When Indiana Rep. Mark Souder, a right-wing family values, abstinence-education supporter, retired over his affair with a staffer, some liberals were quick to point out the hypocrisy. That may be an effective political tactic, but I don’t think it’s the real issue; the real issue is that abstinence education is a lousy idea that doesn’t work and wastes millions of dollars (did you know the government even funds abstinence-only training for twentysomethings? Adults?). If Soulder had been an absolutely faithful married guy who tried to live by the standards he espoused, the policies he championed would still suck.
But then we have Washington Post writer Michael Gerson asserting that Souder is still preferable to the people who opposed his standards because at least he had standards to fall short of: “The failure of human beings to meet their own ideals does not disprove or discredit those ideals … I would rather live among those who recognize standards and fail to meet them than among those who mock all standards as lies.
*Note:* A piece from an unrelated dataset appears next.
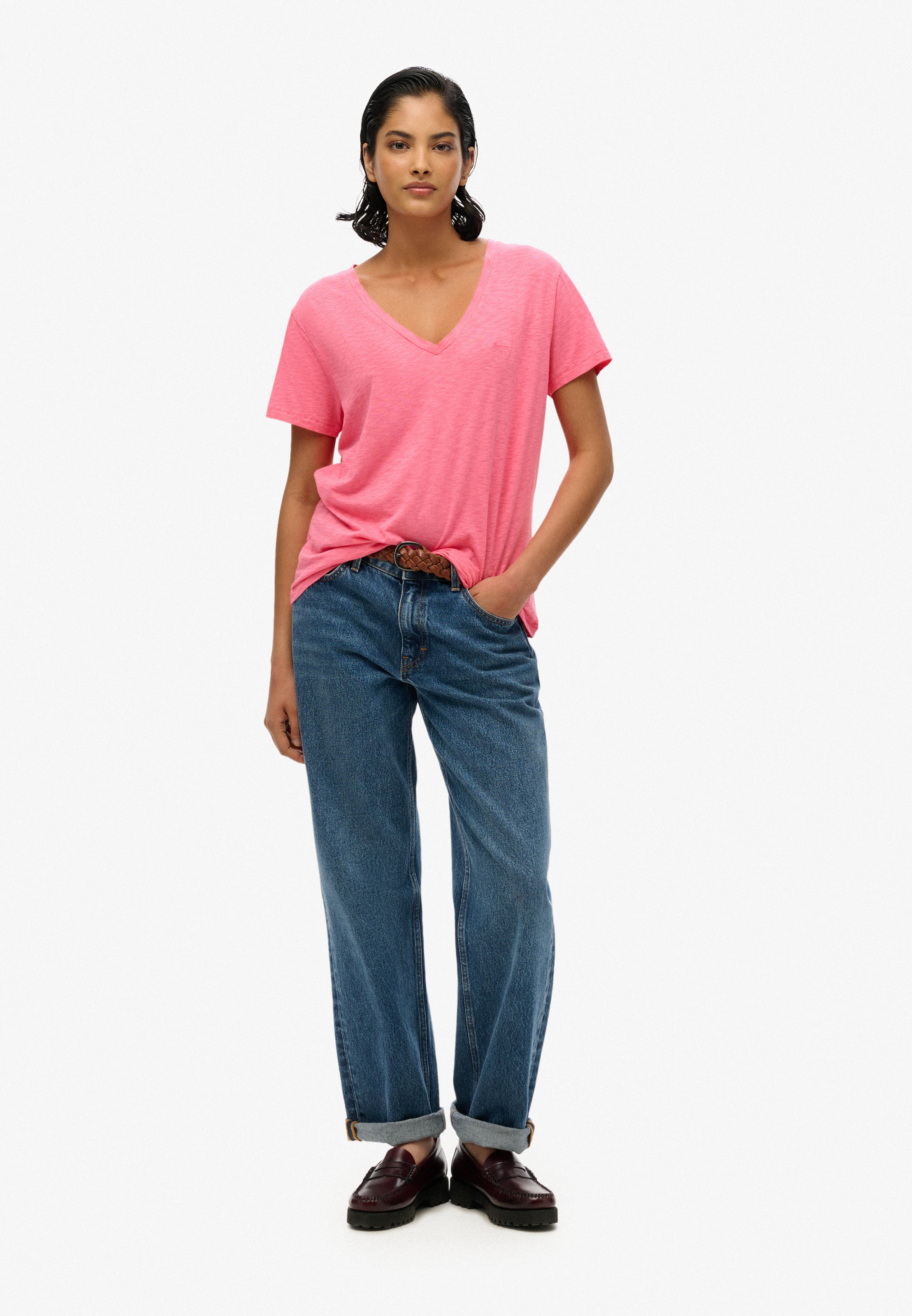 Superdry V-Shirt »STUDIOS SLUB EMB VEE TEE«, strukturiertes T-Shirt mit V-Ausschnitt und Stickerei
In the end, hypocrisy is preferable to decadence.”
Where to start? Well, for one thing, Gerson’s alternatives are crap. I didn’t see the bloggers criticizing Souder proclaim that the ideal of marital fidelity had been discredited or that “all standards are lies.” That’s just a throwback to the old idea that the left rejects “moral absolutes” or similar bilge The criticism of Souder focused on the fact that he’s pushing others to live up to a standard he couldn’t live up to himself, and that’s a very different thing.
In the Gospels, when Jesus discusses hypocrisy, he wasn’t talking about people who failed to live a moral life; he was quite forgiving of them (though as with the woman taken in adultery, it was with the understanding they should go and sin no more). What he targeted were the people who focus on sawdust in other people’s eyes and ignore the beam in their own. Which is what we have with Souder.
If Souder had been a regular guy who cheated, nobody would be accusing him of hypocrisy (which is not to say he’d be forgiven—adultery’s a bad thing in its own right). But he was a politician trying to push his standards of moral behavior on other people when it turned out there was a beam in his own eye. That’s an entirely different thing.
Newt Gingrich played the same card regarding his own unethical activities: Yes, I’m a sinner, but everyone is, so let’s move on. Sorry, dude, nobody gets to absolve themselves of sin or tell other people to ignore the beam in their eye.
And this is the most charitable interpretation, that the traditional-values warriors aren’t just shamming virtue for the benefit of votes. Sure, Gerson insists that Souder is a deeply moral man, but pretty much everyone accused of scandalous behavior claims the same. It’s worth remembering that Bill Clinton publicly apologized for his affair (and for lying about it), and asked for forgiveness; the right didn’t give it. Almost like they had a double standard or something.
Gerson quotes C.S. Lewis to the effect that “a cold, self-righteous prig who goes regularly to church may be far nearer to hell than a prostitute.” The trouble is, his column makes it clear he prefers the self-righteous prigs.